For the complete article use this link–> http://www.daily-times.com/farmington-opinion/ci_27759499/column-marginal-wells-could-remain-active-royalty-reductions

The oil price collapse has put at risk marginal or stripper well production in New Mexico and the United States.
There are 15,000 such producing wells in the state yielding an average of less than three barrels per day. Over 400,000 are working in the country. Combined, some 15 percent of total oil production is from stripper wells. Stripper wells include natural gas wells with marginal production.
Since the shale oil extraction breakthrough beginning in 2009, service costs have increased. Most stripper owners require a $70 price per barrel of oil (West Texas Intermediate) to avoid shut-in. The decision to shut-in is not taken lightly.
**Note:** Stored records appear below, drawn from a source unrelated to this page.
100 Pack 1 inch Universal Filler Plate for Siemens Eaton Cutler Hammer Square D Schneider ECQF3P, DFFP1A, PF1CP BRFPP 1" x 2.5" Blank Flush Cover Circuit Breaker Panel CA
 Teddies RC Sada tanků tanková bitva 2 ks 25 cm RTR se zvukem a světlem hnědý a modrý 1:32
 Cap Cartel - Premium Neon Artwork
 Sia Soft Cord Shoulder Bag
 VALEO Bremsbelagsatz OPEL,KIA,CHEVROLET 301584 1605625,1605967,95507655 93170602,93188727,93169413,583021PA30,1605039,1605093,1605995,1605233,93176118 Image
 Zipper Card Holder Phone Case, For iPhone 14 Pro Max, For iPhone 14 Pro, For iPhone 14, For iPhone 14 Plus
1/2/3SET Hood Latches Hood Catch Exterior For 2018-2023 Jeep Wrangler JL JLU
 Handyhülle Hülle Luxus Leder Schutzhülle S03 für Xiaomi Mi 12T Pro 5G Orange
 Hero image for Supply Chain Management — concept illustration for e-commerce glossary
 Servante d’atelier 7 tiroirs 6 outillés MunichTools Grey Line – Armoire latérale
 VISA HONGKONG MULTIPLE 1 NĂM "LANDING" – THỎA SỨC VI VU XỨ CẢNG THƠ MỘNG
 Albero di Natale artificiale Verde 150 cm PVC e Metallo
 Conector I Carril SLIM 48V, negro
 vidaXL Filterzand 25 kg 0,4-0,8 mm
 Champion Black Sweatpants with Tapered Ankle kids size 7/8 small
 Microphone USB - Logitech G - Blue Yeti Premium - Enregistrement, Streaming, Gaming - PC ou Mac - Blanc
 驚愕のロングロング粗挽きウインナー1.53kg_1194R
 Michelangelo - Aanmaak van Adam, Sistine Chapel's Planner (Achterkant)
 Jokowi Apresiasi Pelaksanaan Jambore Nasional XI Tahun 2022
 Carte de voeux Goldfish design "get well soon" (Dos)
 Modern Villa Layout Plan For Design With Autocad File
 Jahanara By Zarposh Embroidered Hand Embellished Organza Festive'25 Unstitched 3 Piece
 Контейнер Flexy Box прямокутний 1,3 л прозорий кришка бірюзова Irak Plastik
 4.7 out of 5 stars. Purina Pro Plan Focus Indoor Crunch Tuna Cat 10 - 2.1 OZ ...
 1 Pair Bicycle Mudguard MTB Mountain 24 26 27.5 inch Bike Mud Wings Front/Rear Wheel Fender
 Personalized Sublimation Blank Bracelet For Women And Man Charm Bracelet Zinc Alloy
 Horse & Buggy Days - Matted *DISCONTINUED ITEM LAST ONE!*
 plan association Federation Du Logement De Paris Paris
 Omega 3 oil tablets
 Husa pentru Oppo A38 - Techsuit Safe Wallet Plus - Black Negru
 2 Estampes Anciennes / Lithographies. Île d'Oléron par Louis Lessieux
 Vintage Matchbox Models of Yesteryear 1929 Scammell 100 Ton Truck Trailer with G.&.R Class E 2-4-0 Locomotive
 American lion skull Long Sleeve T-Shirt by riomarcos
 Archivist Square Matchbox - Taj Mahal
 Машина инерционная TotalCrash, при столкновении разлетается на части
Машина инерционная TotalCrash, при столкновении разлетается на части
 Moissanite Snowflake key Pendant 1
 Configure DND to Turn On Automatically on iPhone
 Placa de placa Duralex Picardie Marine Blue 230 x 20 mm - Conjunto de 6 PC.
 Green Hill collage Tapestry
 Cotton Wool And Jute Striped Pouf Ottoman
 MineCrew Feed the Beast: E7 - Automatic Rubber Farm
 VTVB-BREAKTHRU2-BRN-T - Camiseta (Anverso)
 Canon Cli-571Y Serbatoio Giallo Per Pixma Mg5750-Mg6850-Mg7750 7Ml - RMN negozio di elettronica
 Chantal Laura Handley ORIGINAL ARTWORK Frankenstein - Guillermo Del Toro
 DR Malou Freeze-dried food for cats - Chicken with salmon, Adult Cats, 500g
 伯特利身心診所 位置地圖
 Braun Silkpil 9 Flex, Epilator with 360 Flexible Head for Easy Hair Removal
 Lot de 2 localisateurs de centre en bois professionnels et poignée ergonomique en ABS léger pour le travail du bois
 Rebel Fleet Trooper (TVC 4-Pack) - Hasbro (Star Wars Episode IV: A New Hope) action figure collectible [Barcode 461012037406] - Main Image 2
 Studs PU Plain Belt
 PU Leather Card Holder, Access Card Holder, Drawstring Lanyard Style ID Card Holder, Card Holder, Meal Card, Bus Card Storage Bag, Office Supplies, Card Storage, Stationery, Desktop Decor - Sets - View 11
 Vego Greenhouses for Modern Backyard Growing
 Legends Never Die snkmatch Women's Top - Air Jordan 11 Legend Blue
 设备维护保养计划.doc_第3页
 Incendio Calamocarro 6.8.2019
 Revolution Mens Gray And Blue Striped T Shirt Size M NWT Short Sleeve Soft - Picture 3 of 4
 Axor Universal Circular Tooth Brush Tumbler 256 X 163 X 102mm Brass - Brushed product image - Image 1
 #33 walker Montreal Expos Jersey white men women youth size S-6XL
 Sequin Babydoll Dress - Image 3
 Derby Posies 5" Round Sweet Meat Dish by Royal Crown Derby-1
In New Mexico if there is no production reported for 60 days, the lease is lost. Once shut-in or abandoned, stripper wells’ oil production and reserves are lost to the state and the country.
It is uneconomic to drill a well from shut-in or abandoned status for three barrels per day.
Stripper production is a strategic privately held oil reserve and has provided, since 1973, an offset against supply disruption. It is recognized by the Organization of Petroleum Exporting Countries, which is in a price war against American shale producers and stripper well production, that both operators are high-cost producers. The organization’s objective is more OPEC oil and less American — Southwest and North Dakota — in the market.
The stripper producer must decide whether to lose money and hold his lease or shut-in as abandonment which surrenders the lease. It was this circumstance that New Mexico considered in 1994 when the state Legislature passed a bill into law that provided royalty rate reduction. Lowering the royalty rates paid by stripper well owners to state and the federal governments provides an economic incentive to avoid shut-in.
Over a million barrels a day production could be lost without royalty rate reduction.
This program has not been promoted and today is not widely known by the stripper owners as it languished in the New Mexico State Land Office while the price of oil remained high. Fewer than 400 wells are registered for program incentives out of nearly 5,000 operating wells. A recent effort to reactivate and upgrade the program through an amendment that would raise the qualification from three to six barrels per day — 10 barrels at 20,000 feet in well depth — failed.